A dívida bruta, hoje, está na faixa de R$ 210 milhões, porque temos a dívida de R$ 90 milhões (valor que os controladores emprestaram para o banco). Mas a dívida com o mercado, que era de R$ 200 milhões no início do ano, hoje está em cerca de R$ 120 milhões. No processo de reversão de expectativas, os bancos estão vendo que pagamos em dia. Começam a ver, de fato, que é preciso separar o joio do trigo. Temos, é claro, um passivo maior com os fornecedores (em virtude de renegociações para proporcionar recursos para a reestruturação da companhia). Antecipamos, porém, parte dos vencimentos do próximo ano com os fornecedores para este ano. E, agora, com as parcerias, especialmente com a Credsystem, também equacionamos a dívida de curto prazo, pois houve entrada de recursos. Com esses e outros recursos, ao final de 2024, com todo o mais constante, teríamos uma dívida zero, o que, do ponto de vista da remuneração do investidor, não é bom. Por outro lado, se o mercado de crédito entender isso, viramos o jogo.

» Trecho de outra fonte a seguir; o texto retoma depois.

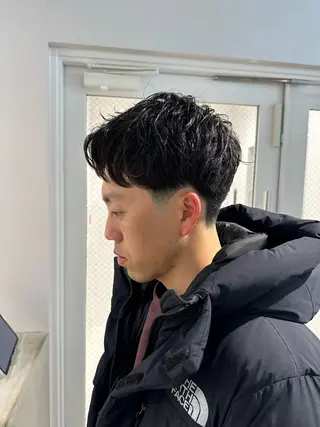 ショート パーマ メンズ 俵 知広のヘアスタイル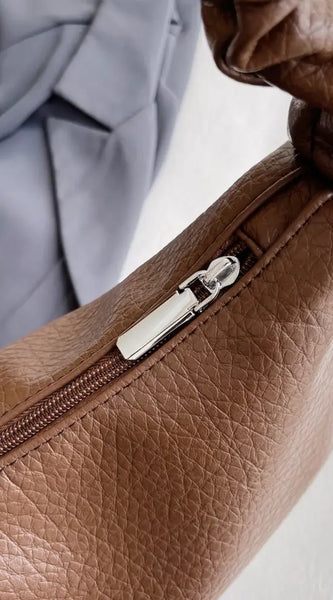 52feb66eb4db4de7a6a00d17938d0f5a-Max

O sr. tocou em um ponto sensível, que é a taxação de importados e o programa Remessa Conforme. Há uma expectativa do setor para que haja uma equalização da cobrança de impostos entre as varejistas nacionais e as plataformas estrangeiras. Há uma perspectiva de quando isso deve acontecer?
Já estivemos mais otimistas em relação a isso. Achávamos que isso ia ser resolvido no primeiro semestre, mas o assunto é complexo e teve suas repercussões. O Ministério da Fazenda está fazendo um processo estruturado e esperamos a qualquer momento que sejamos chamados para uma reunião com o ministro da Fazenda e o secretário da Receita para definir exatamente qual é a alíquota que vai prevalecer. O setor de varejo brasileiro está pedindo igualdade de condições de competição. (No governo passado) ninguém estava interessado no assunto. O que o Remessa Conforme fez foi formalizar. Não tenho razão nenhuma para não acreditar na palavra do Ministério da Fazenda de que essa isonomia será estabelecida.